A significant wave of bitcoin options is set to expire, potentially delivering another blow to an already strained market grappling with weak institutional demand and macroeconomic headwinds.
Approximately $10 billion worth of bitcoin options are scheduled to expire this Friday at 4:00 PM Beijing time on Deribit, the largest crypto options exchange. With a majority of these being bullish bets placed during a period of subsequent price decline, traders may be forced to adopt defensive or even bearish positions.
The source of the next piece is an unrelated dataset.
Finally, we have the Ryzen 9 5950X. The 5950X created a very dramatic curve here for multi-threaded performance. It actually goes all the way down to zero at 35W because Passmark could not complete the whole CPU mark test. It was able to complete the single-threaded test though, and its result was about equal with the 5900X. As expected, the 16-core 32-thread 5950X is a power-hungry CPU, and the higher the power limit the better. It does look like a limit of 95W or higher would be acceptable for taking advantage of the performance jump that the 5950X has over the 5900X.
Jean-David Pequignot, Chief Commercial Officer of Deribit, noted that the market's positioning was initially structured for a medium-term bullish outlook, but has been upended by the persistent decline in the spot price, leaving the consensus bullish stance significantly misaligned with reality.
Bitcoin briefly fell below the $60,000 mark during Wednesday's New York trading session, hitting a low of $59,023—its weakest level since October 2024. As of Thursday afternoon, it was trading around $61,673. The cryptocurrency has struggled to find stability since the market downturn on October 10th and has now retraced over 50% from its all-time high.
Currently, Bitcoin is trading below its 200-week moving average, a technical level often viewed as a signal of a long-term bear market. The options expiring on Deribit represent about 37% of the total open interest across all platforms.
Data from Pequignot shows a put/call ratio of 0.83, indicating that bullish bets still outnumber bearish ones. However, a large portion of these call options have strike prices far above the current spot price, rendering them "out-of-the-money" and worthless. Conversely, put options are concentrated in the $60,000-$65,000 and $70,000-$75,000 ranges, suggesting a higher probability of profit for bearish bets.
Adam Haeems, Head of Asset Management at Tesseract Group, pointed out that the expiration process itself merely clears positions and does not dictate market direction. The core issue, he explained, is that this bullish-skewed market structure coincides with quarter-end and typically thin summer liquidity.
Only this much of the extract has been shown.